Vacancies in urban centres are not being posted as positions remain unfilled, Linklater said, adding while it might be in an effort to drive applicants to more remote and northern communities, the demand for jobs also exists in cities.
"It is a chronic problem that we've seen with paramedics in lab and diagnostic imaging, and it's something that we want to see change," he said.
Meanwhile, Tracy Drexler, an operating room attendant, said the province's announcement came as "a slap in the face" in the backdrop of a potential strike that could see 25,000 support workers hit the picket lines beginning Oct. 8.
"You told us you were going to fix health care [but] you can't fix health care if you don't have staff and you're not going to be able to retain the staff if you're not going to pay us a fair wage," Drexler said.
CUPE, one of the two unions representing support workers preparing to strike, said recruitment and retention of their positions should be a priority for government.

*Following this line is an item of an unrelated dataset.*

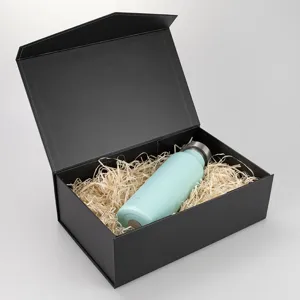 Detailansicht des inneren Bereichs der eleganten schwarzen Faltgeschenkbox mit Füllmaterial.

The union said now is the time for tangible improvements.
"The staffing crisis in health care, we are at a breaking point more so than even during COVID," Shannon McAteer health-care coordinator for CUPE Manitoba told CBC News.
"If the desired outcome from the government was to try and calm the waters, I believe it's had the opposite effect."

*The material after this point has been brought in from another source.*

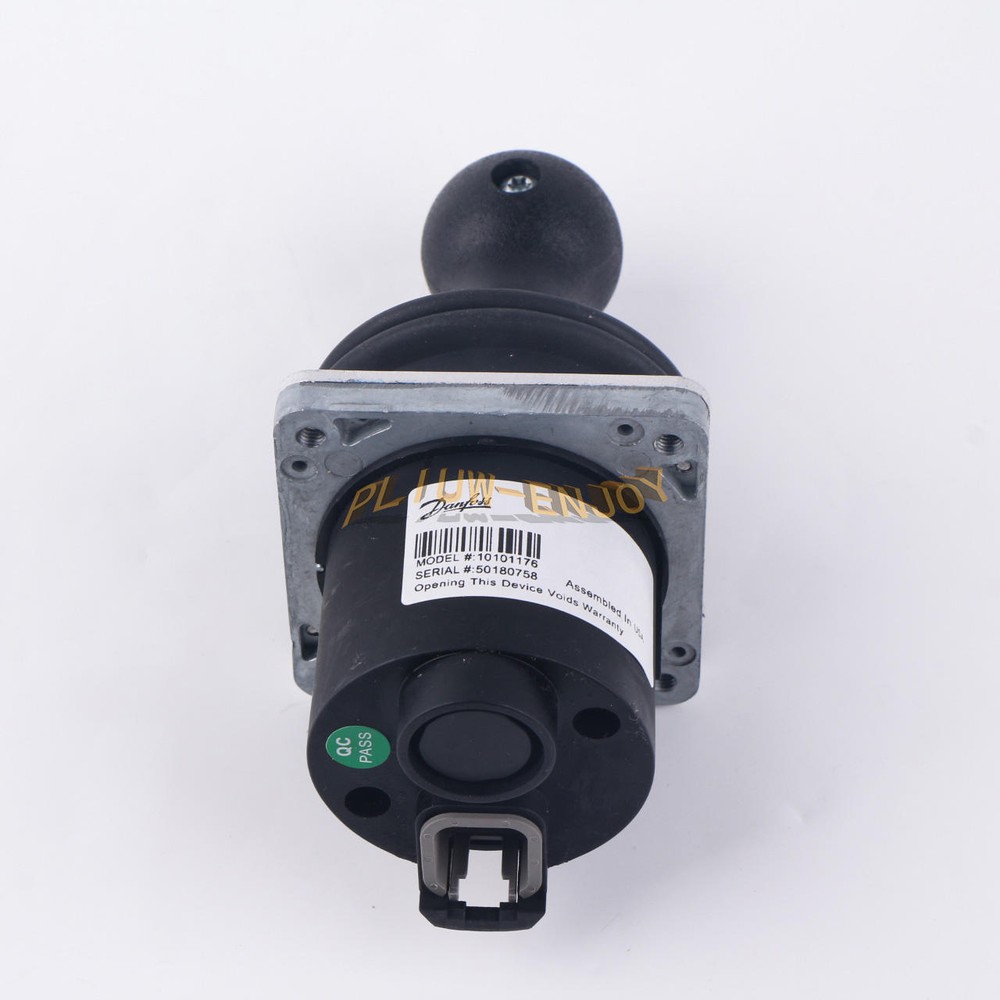 ONE NEW FIT Danfoss Joystick 10101176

No relief yet: Nurses Union
A spokesperson for the Manitoba Nurses Union said in a statement the net hiring of 340 new nurses is significant, but members on the front lines have "yet to report any noticeable relief," such as a drastic reduction in mandatory overtime and "wasteful" agency spending.
Doctors Manitoba said a net increase in the number of physicians hired is a step in the right direction toward addressing staff shortages.
A spokesperson for the union added the number of physicians currently working might shrink once the licences of existing doctors expire later in the fall with some opting out.
But Kinew is confident the province is going to reach its hiring target in the coming months, and said increasing staff numbers is only a first step.
"It is going to take us many years of sustaining this kind of effort for us to deliver the improvements to health care that we want to see for patients right across this great province," he said.